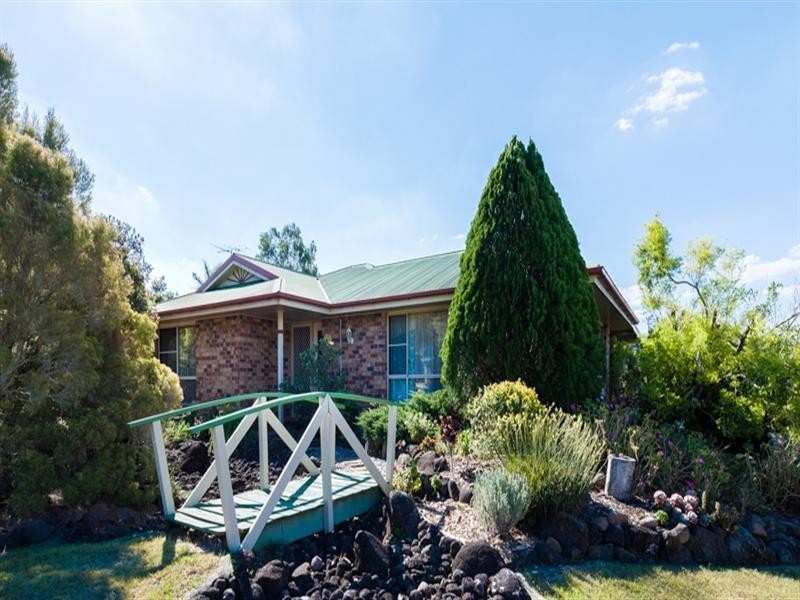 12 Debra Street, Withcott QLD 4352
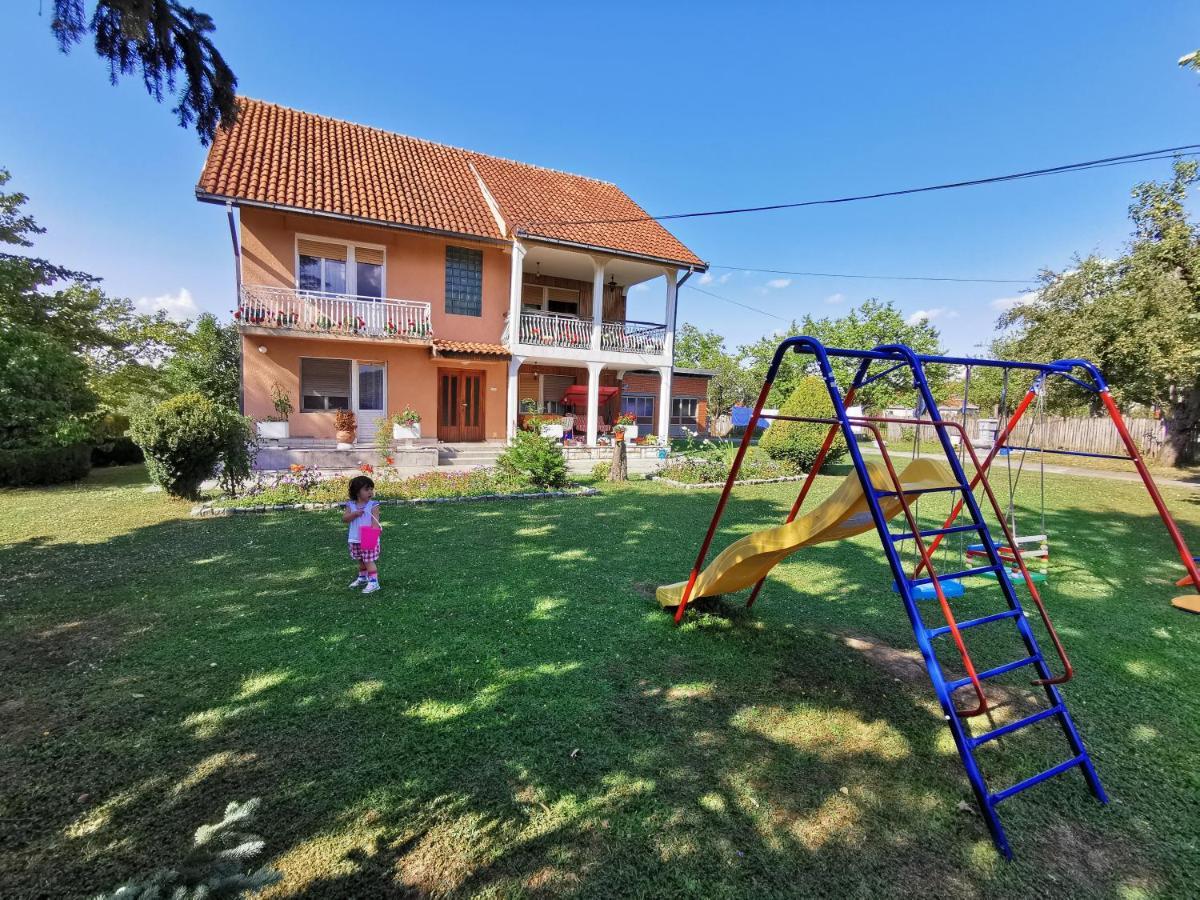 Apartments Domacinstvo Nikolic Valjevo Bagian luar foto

* * *

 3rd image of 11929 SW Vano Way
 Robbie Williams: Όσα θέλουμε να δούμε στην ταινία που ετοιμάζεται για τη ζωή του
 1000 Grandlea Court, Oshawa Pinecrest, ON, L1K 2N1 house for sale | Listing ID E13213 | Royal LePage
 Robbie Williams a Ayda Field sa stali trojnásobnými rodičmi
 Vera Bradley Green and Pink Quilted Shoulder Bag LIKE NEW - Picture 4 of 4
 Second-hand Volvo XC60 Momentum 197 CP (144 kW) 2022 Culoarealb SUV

==

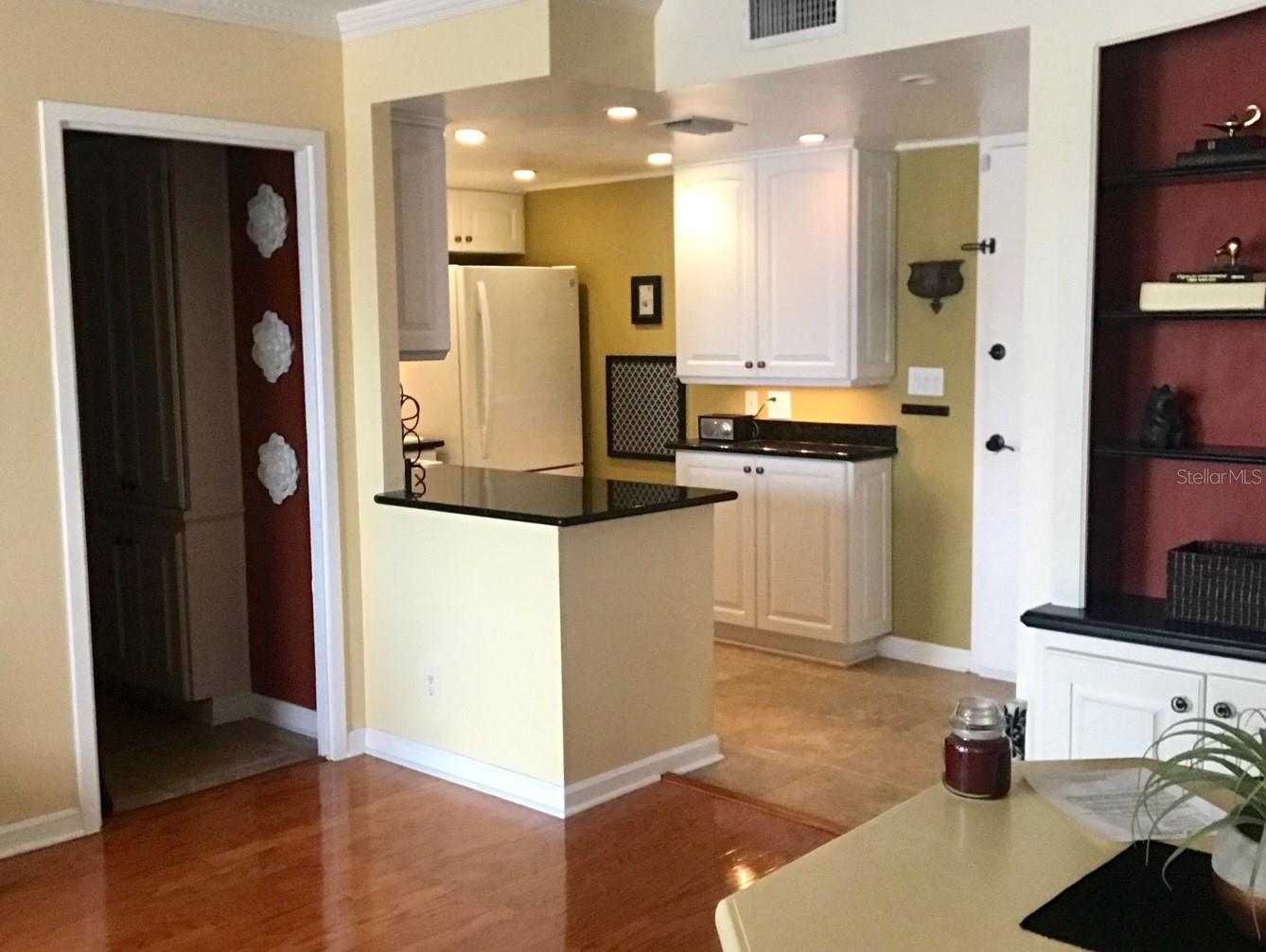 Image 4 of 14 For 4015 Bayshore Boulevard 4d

## Exercise aim
Since only part of the listing is wanted, copy exactly the lines from the one holding "Robbie Williams a" to the one holding "Second-hand Volvo XC60", both included.

## Exercise solution
 Robbie Williams a Ayda Field sa stali trojnásobnými rodičmi
 Vera Bradley Green and Pink Quilted Shoulder Bag LIKE NEW - Picture 4 of 4
 Second-hand Volvo XC60 Momentum 197 CP (144 kW) 2022 Culoarealb SUV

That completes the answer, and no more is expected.